2010 Winter Olympic opening ceremonies

It’s difficult to know what to say.

Some things simply can’t be ignored.

–Fiddlers and tap dancers, all dressed like it was 1988 and they worked in a Scottish themed punk bar in Montreal, tap-synched and fiddle-synched, as if in an Off-Broadway production of Lord of the Dance.

–A W.O. Mitchell inspired aerial phantasm of a young girl growing up on the prairies, featured a young man pretending to be a girl, floating about the stadium to the Joni Mitchell classic Both Sides Now, as sung by somebody who might not have been Joni Mitchell.
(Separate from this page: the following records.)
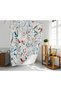 Bathroom Curtain 1X180X200 Single Wing Shower Curtain with Ring Gift Shower Cabin Curtain Multicolored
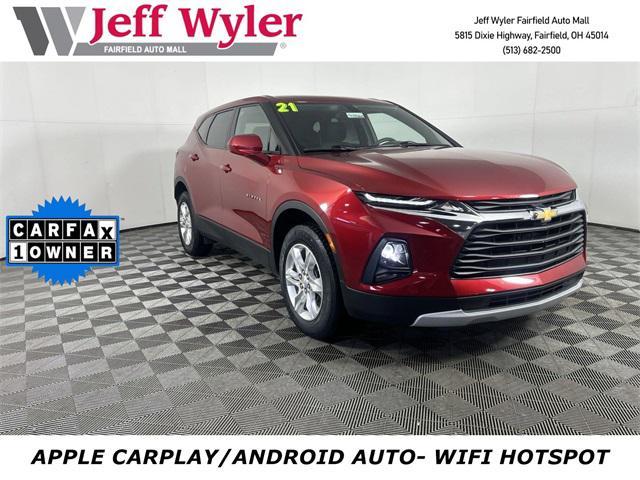 used 2021 Chevrolet Blazer car, priced at $20,961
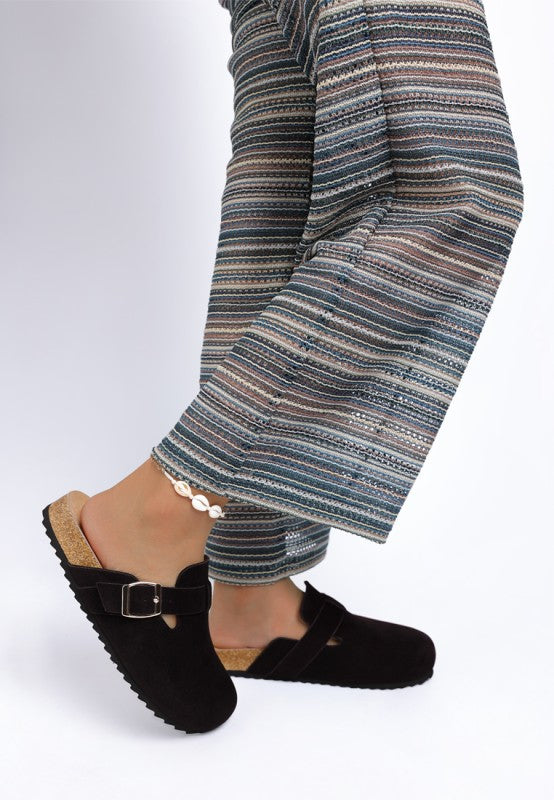 Ratiha Buckle Accent Slip-On Footbed Mules-Rag Company-[option4]-[option5]-[option6]-[option7]-[option8]-Shop-Boutique-Clothing-for-Women-Online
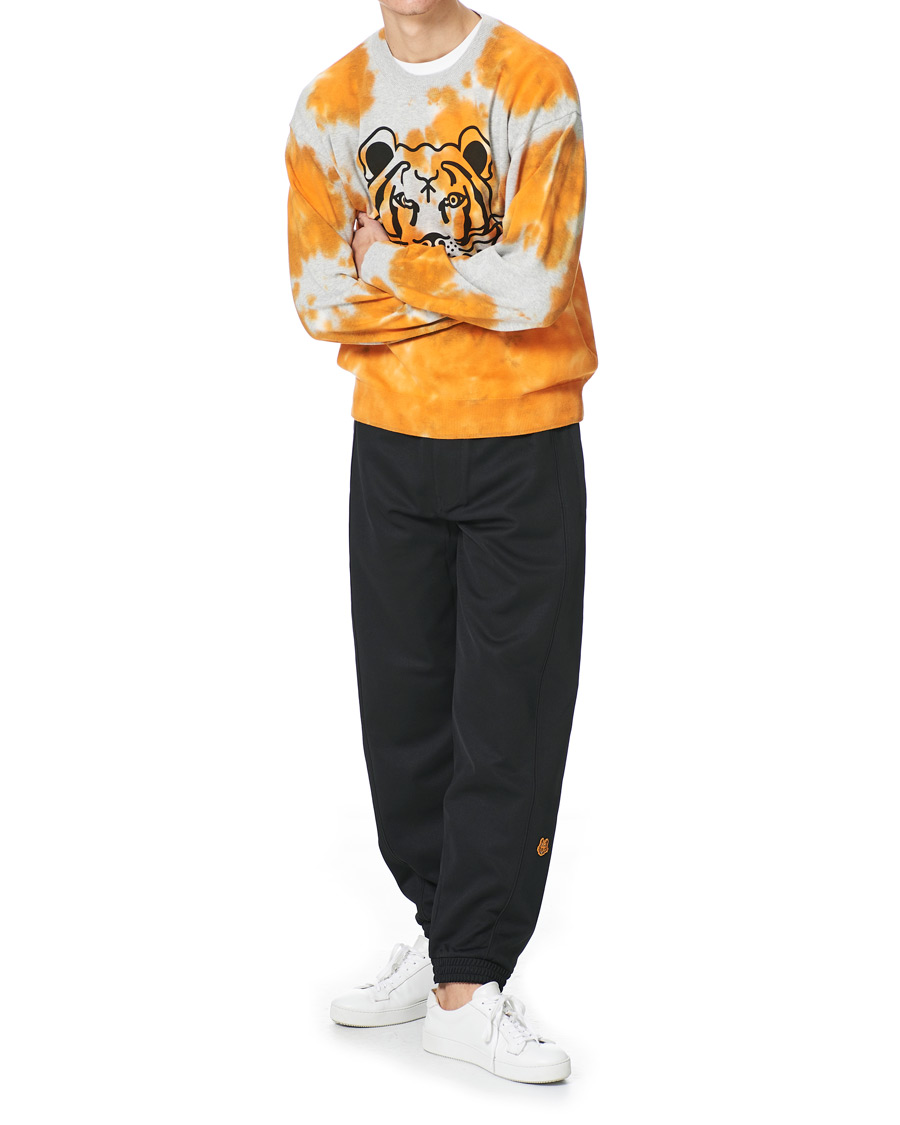 Herre | Trøjer | KENZO | Tie Dye Tiger Deep Orange
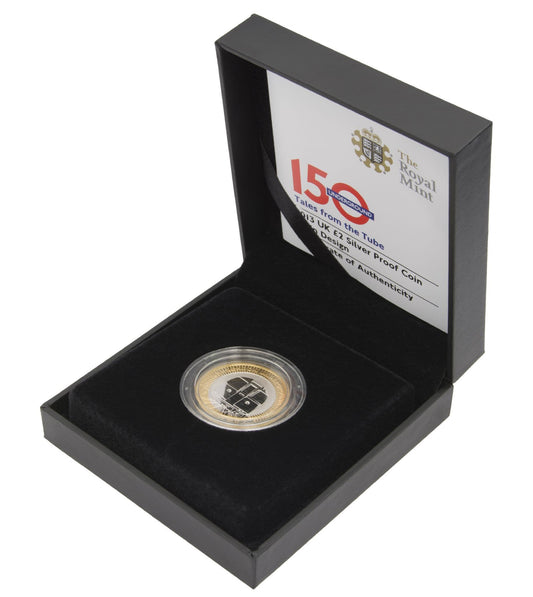 2013 Silver Proof £2 Coin Train Design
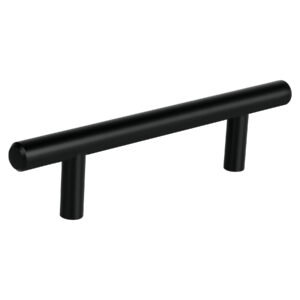 Jaladera de acero, 96mm, línea Cilindro, negro, HERMEX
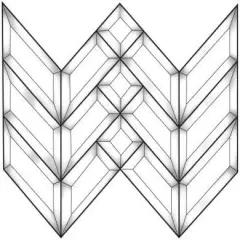 14" x 12" Exquisite Clear Glass Prairie Bevel Cluster EC100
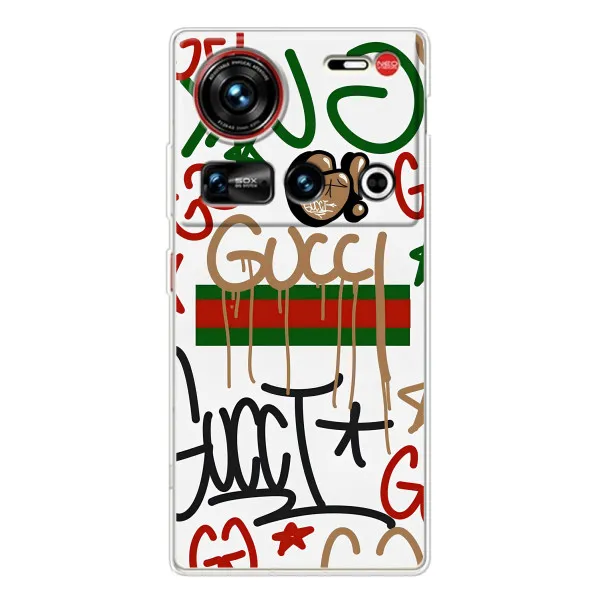 Чехол с принтом «Стиль GUUCI» для ZTE Nubia Z70 Ultra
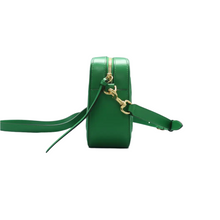 Load image into Gallery viewer, GUCCI Leather Shoulder Bag Green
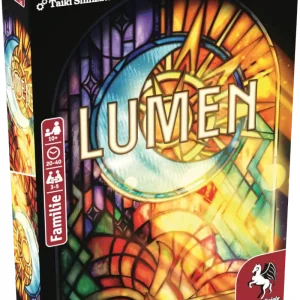 Vorderseite der Spielschachtel von Lumen Deduktionsspiel (3–5 Spieler)
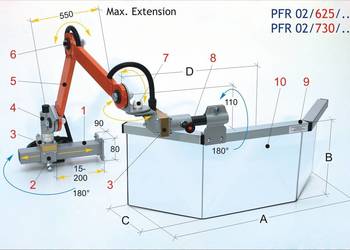 Osłona PFR 02/625, osłona do frezarki PFR 02/625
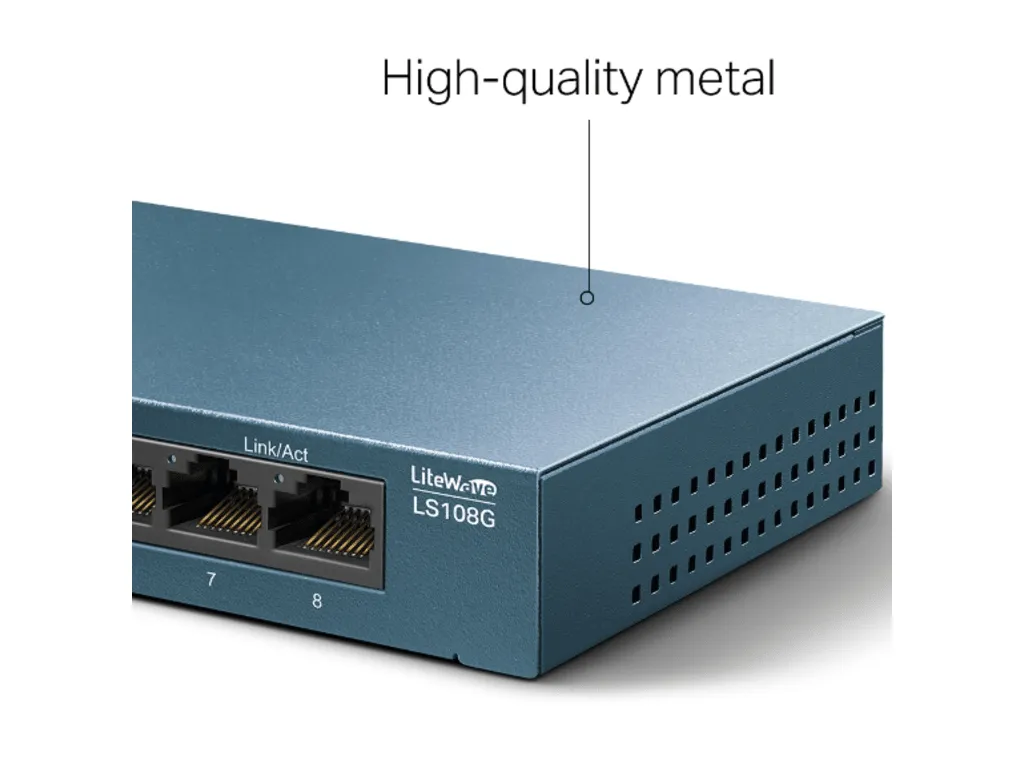 Switch TP-LINK LS108G LiteWave Gigabit 8xRJ-45/10/100/1000Mbps/metalno kucište Slika 2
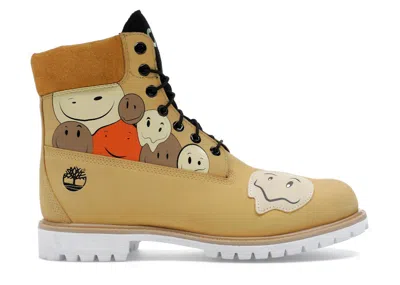 Pre-owned Timberland Men's  6" Premium Waterproof Boot Cnstnt Dvlpmnt Melted Smileys Sneakers In Medium Yellow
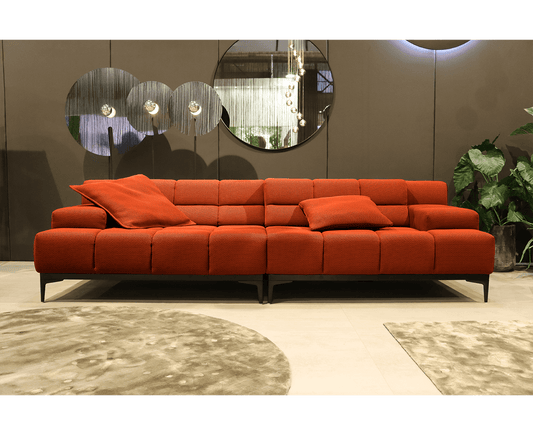 Oasis 3-Sitzer Sofa Couch 288 x 113 cm mit Rückenverstellung, Farbe wählbar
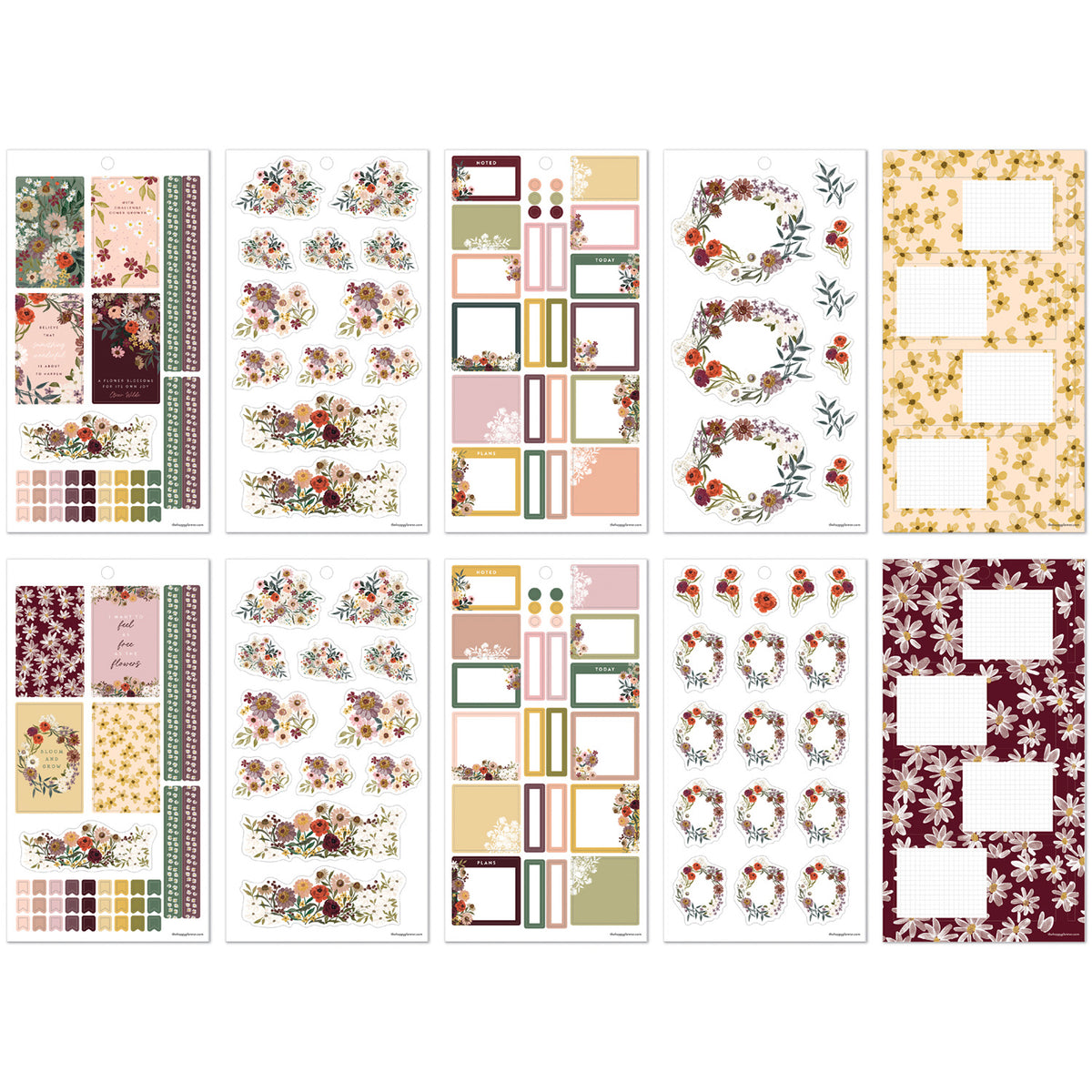 Happy Planner - Sticker Book - Wildflower Whimsy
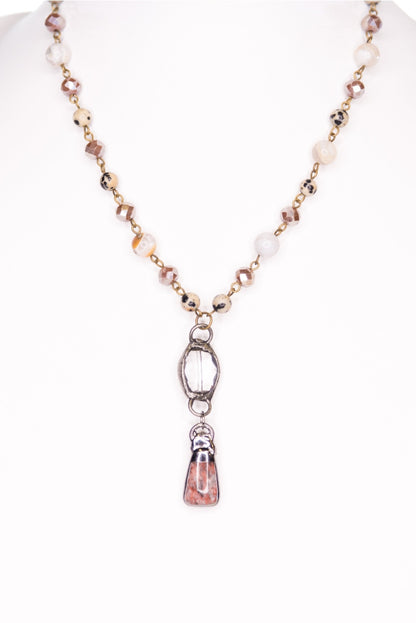 Pica in Bamboo Agate Necklace
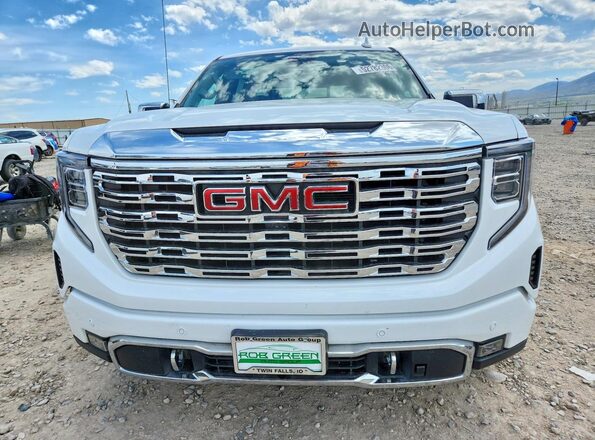 3GTUUGE83RG198966 2024 GMC SIERRA White Front view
–Hockey star Haley Wickenheiser, alongside the Chief Referee of Short Track Speed Skating, who apparently has been accorded significant cultural status, swore an oath in opposition to blood doping.

–Games organizer John Furlong made a speech in which he spoke of “the magic of television” beaming the games into our homes, while many watched online and Twittered away to one another.

–A Slam poet from the Northwest Territories, in performing a kind of Joe Canada rant, rapped that “Canada is the what in what’s new.”

—-Conjuring Spinal Tap, the five Stonehenge hydraulic things that were to house the Olympic flame, would not ascend on cue. People stood around looking scared. Eventually, after they had lit most of them, Wayne Gretzky was dispatched, via the back of a pick-up truck—after having to wait in an air lock– through the rainy streets of Vancouver, to ignite the external cauldron.

Watching, I found myself becoming increasingly preoccupied with the winter gear that everybody was wearing and the fake snow that lined the floor of BC Place. Later, when they were struggling to light the Olympic flame and the emotional sweep was supposed to be at it’s greatest height, fake snow began to fall in the domed stadium as music that sounded like it was lifted from a Steven Spielberg film, swirled about the climate controlled stadium.

It seems a first principle to me that the Winter Olympics are born from circumstance. An individual masters skiing or speed skating largely because they live in a Northern climate, and when life gives you lemons, well, you better learn to make lemonade, right? I mean, that’s an important lesson right there. But Vancouver chose to remove the very essence—–the natural climate and native landscape—of the Winter Olympics from the opening ceremonies, and so the spark that originally ignited the games was extinguished, and for expediency and convenience, winter was merely simulated for a global audience, as if this was just another glitzy Las Vegas show, Disney theme park, or a big-budget Christopher Guest movie.